6. In this text and on the Seller's website (https://plastmore.com), detailed information about standards and guarantees is available. The existence of these details is considered as notification to the Buyer. The Buyer cannot hold the Seller liable for different standards and guarantees.

7. The Seller is established within the Republic of Turkey and conducts its commercial activities according to the laws and standards of Turkish State. Therefore, the Seller is not responsible for different standards and guarantees existing in the Buyer's country or third-party countries. The Buyer is obliged to ensure compliance of the rules and conditions stipulated by Turkish law with the regulations of their own country or third-party countries.

Usage

8. The shelf life of the produced items is 12 months, and the shelf life of in-mold labels is 6 months. Information about the production date of each item is available on the label. The products must be stored under conditions of 23°C and 50% humidity in the Buyer's storage. The products must be stored under the conditions mentioned above and used within the specified time period. Additionally, the products should follow the first-in, first-out principle. Packaging should be removed from the storage environment at least one day before filling, allowing it to acclimate to the atmospheric conditions and temperature of the environment.

9. The Seller cannot be held responsible for any damages arising from the non-compliance with the specified periods and procedures and for improper filling activity.

10. Upon the Buyer's request and after making the necessary payment, the Seller can provide technical support for both on-site and remote filling. In the absence of such a request, the Seller cannot be held responsible for resulting damages. Storage conditions are provided on information labels on each box, and special attention should be given to temperature variations between seasons.

Demand for Above-Standard Products

11. There is a distinction between standard productions and special productions. For instance, if a longer shelf life than the standard is desired for in-mold labels, an Oxygen and UV barrier IML should be preferred by the Buyer. However, in such a case, since the entire surface of the packaging would need to be covered with barrier IML labels, this process requires specially designed packaging molds. If such a production with special above-ordinary standards and guarantees is not mentioned in the SAF, it is assumed that the Buyer accepts the standard production method.
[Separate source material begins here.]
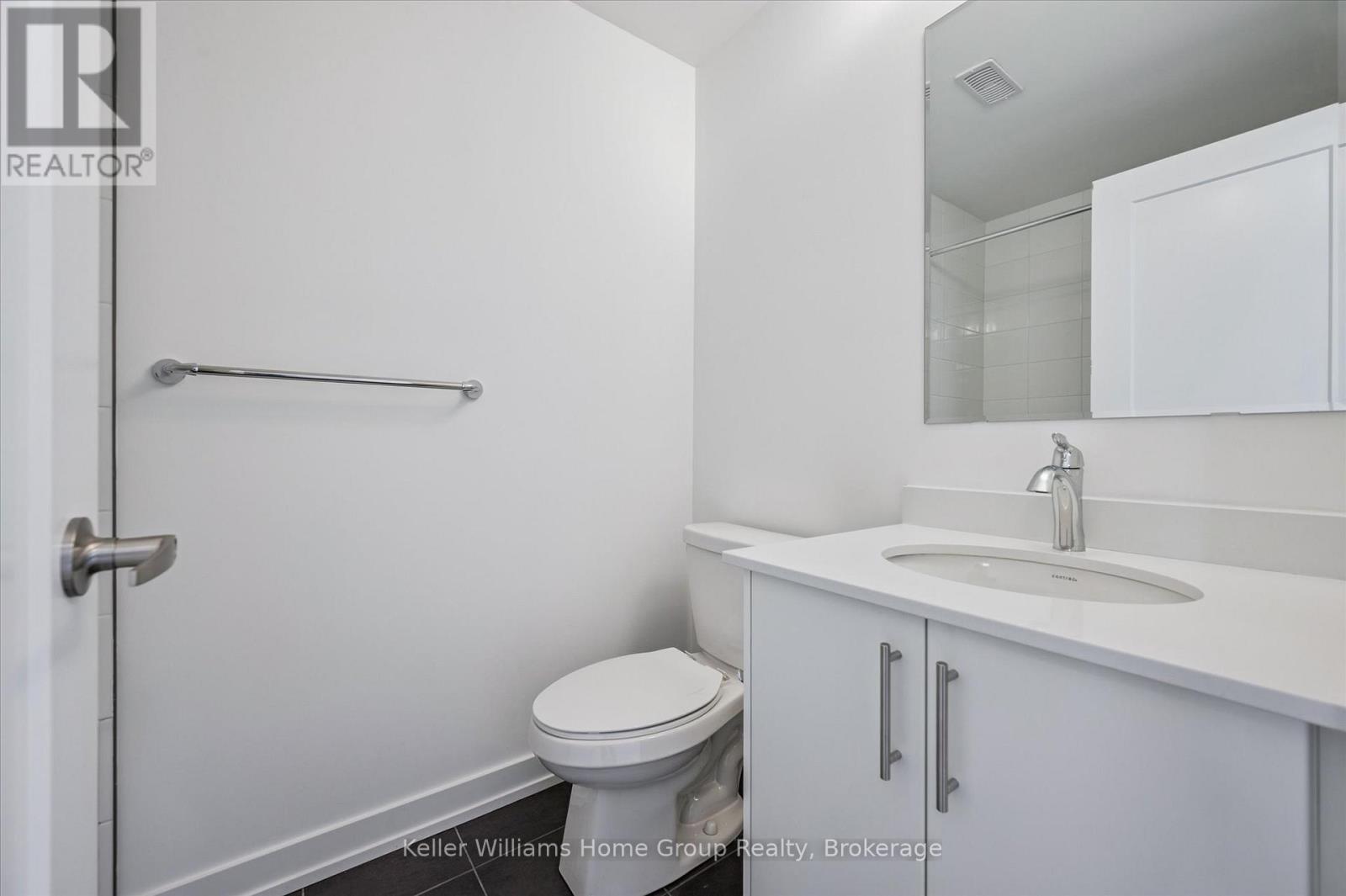 94 - 940 St David Street N, Centre Wellington, Ontario  N1M 2W3 - Photo 18 - X12850816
Intellectual and Industrial Property Claims

12. Designs, models, expressions, drawings, etc., are produced by the Seller in accordance with the Buyer's instructions. The Buyer is responsible for all claims of intellectual rights that may be invoked by third parties due to the produced models. When making requests in this regard, the Buyer must ensure that no intellectual or industrial property rights are violated. The Seller has no duty, or responsibility to conduct research in this matter.

13. Unless a decision has been made by Turkish authorities regarding seizure of products bearing designs produced by the Seller due to claims of intellectual or industrial property rights, the Seller will deliver the manufactured goods to the Buyer even if such a claim has been brought to their attention. In the event of the implementation of such a decision, the cost of seized goods is borne by the Buyer. The Buyer may exercise their right of appeal within domestic law against such decisions. In this context, the Buyer is responsible for compensating the Seller for any incurred damages.

Shipping

14. The standard delivery method is delivery at the Factory (FCA/Üstün Plastic Factory). In this method, the Seller loads the goods onto the carrier's vehicle at the production address, completes customs clearance, and the responsibility of the Seller ends there. Other delivery methods require transportation services from a third party. In this case, any damage arising from the transportation company is the responsibility of the carrier, not the Seller.

Insurance

15. The insurance of the manufactured product is the responsibility of the Buyer. However, in cases where the delivery method necessitates it, shipments can be insured by the Seller and the cost can be added to the shipping costs. Notification

16. All notifications and communications before and after the establishment of the contract between the Buyer and Seller shall be conducted based on the telephone, WhatsApp, email, and address information provided in the PI and SAF. Any notification made through other means is invalid. Only the notifications from the individuals appointed by the Buyer and the Seller to conduct the business shall be deemed valid.

II. Contract Process

17. The contract process commences with discussions between the parties. During this process, the Buyer obtains all necessary information from the Seller and presents their proposals. The Seller compiles a Price Quotation (PQ) based on the discussed matters and provides it to the Buyer.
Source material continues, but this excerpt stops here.